Exercise:
Leave out the pictures and reproduce all of the data exactly.

Collected data:
--*--

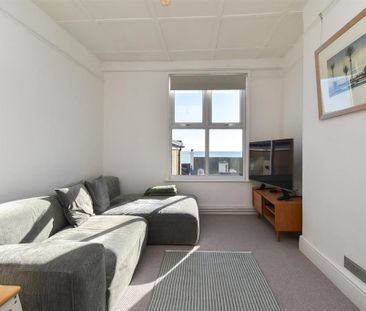4 bedroom flat to rent - Photo 4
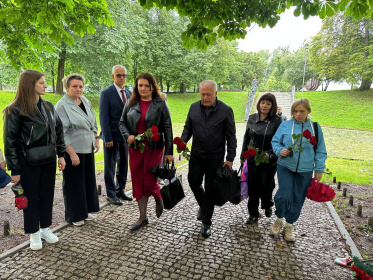 Память жива: профактив отраслевого Профсоюза почтил память жертв Холокоста в мемориальном комплексе «Яма»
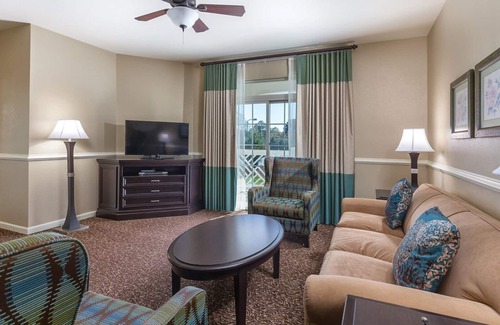 Williamsburg Complejo | Historic Charm Meets Modern Comfort at Wyndham Governor's Green Resort -2 Bd Dlx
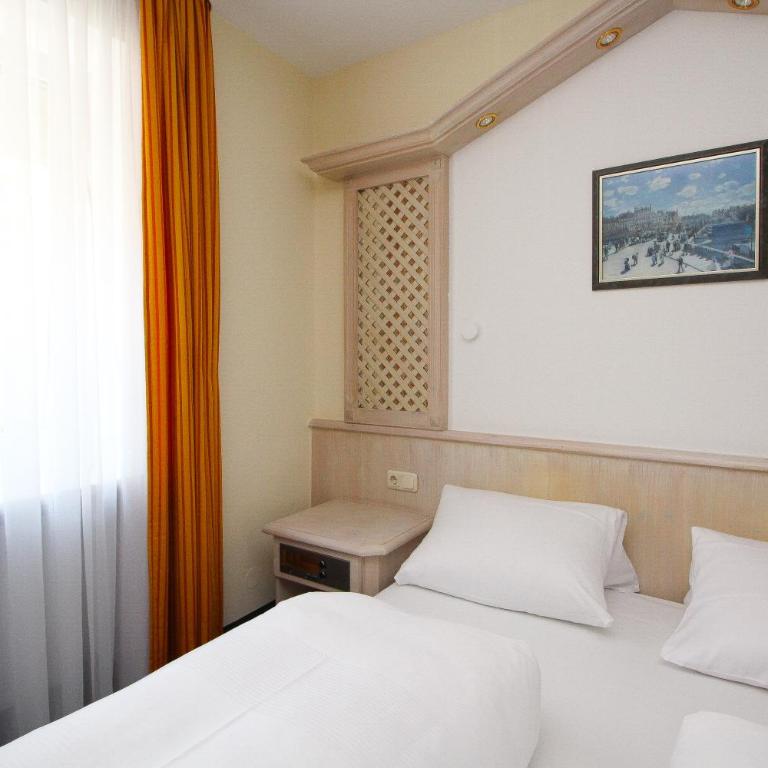 Hotel Leopold - Standard Doppelzimmer - 4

--*--

Task solution:
4 bedroom flat to rent - Photo 4
 Память жива: профактив отраслевого Профсоюза почтил память жертв Холокоста в мемориальном комплексе «Яма»
 Williamsburg Complejo | Historic Charm Meets Modern Comfort at Wyndham Governor's Green Resort -2 Bd Dlx
 Hotel Leopold - Standard Doppelzimmer - 4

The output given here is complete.